What this task involves: From the very first line down to the line containing "8. ‘다음’을 탭하면 채워야 할 다음 항목으로 넘어간다.", write out the material exactly as it appears, and no more.

::: Input data

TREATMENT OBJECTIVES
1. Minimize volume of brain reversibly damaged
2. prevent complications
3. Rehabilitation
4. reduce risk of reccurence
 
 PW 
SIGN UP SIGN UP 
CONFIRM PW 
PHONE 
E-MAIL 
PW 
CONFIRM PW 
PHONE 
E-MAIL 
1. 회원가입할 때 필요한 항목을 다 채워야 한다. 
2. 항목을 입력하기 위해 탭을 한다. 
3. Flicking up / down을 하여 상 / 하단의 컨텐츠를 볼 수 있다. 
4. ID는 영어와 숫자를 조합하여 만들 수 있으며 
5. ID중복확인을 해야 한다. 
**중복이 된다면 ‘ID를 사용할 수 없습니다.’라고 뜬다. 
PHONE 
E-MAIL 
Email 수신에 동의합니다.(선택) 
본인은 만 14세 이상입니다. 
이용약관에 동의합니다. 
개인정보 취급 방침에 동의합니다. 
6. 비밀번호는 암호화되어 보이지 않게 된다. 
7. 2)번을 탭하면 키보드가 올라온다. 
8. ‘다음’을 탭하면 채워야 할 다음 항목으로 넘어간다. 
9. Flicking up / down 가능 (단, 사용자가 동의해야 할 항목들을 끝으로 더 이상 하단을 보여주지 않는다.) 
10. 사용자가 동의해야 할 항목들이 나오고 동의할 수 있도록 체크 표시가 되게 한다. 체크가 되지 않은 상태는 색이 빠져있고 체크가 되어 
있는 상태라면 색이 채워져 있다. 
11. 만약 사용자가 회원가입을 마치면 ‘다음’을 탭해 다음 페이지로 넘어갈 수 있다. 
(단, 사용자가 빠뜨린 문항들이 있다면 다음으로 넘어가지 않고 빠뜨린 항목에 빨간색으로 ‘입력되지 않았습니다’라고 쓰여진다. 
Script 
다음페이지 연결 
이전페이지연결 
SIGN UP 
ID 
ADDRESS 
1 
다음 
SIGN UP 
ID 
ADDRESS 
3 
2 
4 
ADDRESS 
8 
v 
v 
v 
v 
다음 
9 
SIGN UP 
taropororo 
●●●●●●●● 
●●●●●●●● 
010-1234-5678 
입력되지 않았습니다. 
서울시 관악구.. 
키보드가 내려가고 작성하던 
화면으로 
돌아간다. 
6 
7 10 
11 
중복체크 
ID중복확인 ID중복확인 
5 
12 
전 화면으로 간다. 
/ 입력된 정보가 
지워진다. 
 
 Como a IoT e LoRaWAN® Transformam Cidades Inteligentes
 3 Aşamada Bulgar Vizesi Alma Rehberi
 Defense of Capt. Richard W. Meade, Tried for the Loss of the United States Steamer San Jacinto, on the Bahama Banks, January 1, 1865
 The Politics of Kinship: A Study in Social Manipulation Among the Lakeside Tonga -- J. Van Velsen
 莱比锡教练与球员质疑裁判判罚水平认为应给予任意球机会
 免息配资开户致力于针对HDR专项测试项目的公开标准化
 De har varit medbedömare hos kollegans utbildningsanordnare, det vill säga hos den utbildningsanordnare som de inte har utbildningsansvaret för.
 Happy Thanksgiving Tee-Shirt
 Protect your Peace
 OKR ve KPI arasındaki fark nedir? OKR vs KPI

::::::

Exercise response:
TREATMENT OBJECTIVES
1. Minimize volume of brain reversibly damaged
2. prevent complications
3. Rehabilitation
4. reduce risk of reccurence
 
 PW 
SIGN UP SIGN UP 
CONFIRM PW 
PHONE 
E-MAIL 
PW 
CONFIRM PW 
PHONE 
E-MAIL 
1. 회원가입할 때 필요한 항목을 다 채워야 한다. 
2. 항목을 입력하기 위해 탭을 한다. 
3. Flicking up / down을 하여 상 / 하단의 컨텐츠를 볼 수 있다. 
4. ID는 영어와 숫자를 조합하여 만들 수 있으며 
5. ID중복확인을 해야 한다. 
**중복이 된다면 ‘ID를 사용할 수 없습니다.’라고 뜬다. 
PHONE 
E-MAIL 
Email 수신에 동의합니다.(선택) 
본인은 만 14세 이상입니다. 
이용약관에 동의합니다. 
개인정보 취급 방침에 동의합니다. 
6. 비밀번호는 암호화되어 보이지 않게 된다. 
7. 2)번을 탭하면 키보드가 올라온다. 
8. ‘다음’을 탭하면 채워야 할 다음 항목으로 넘어간다. 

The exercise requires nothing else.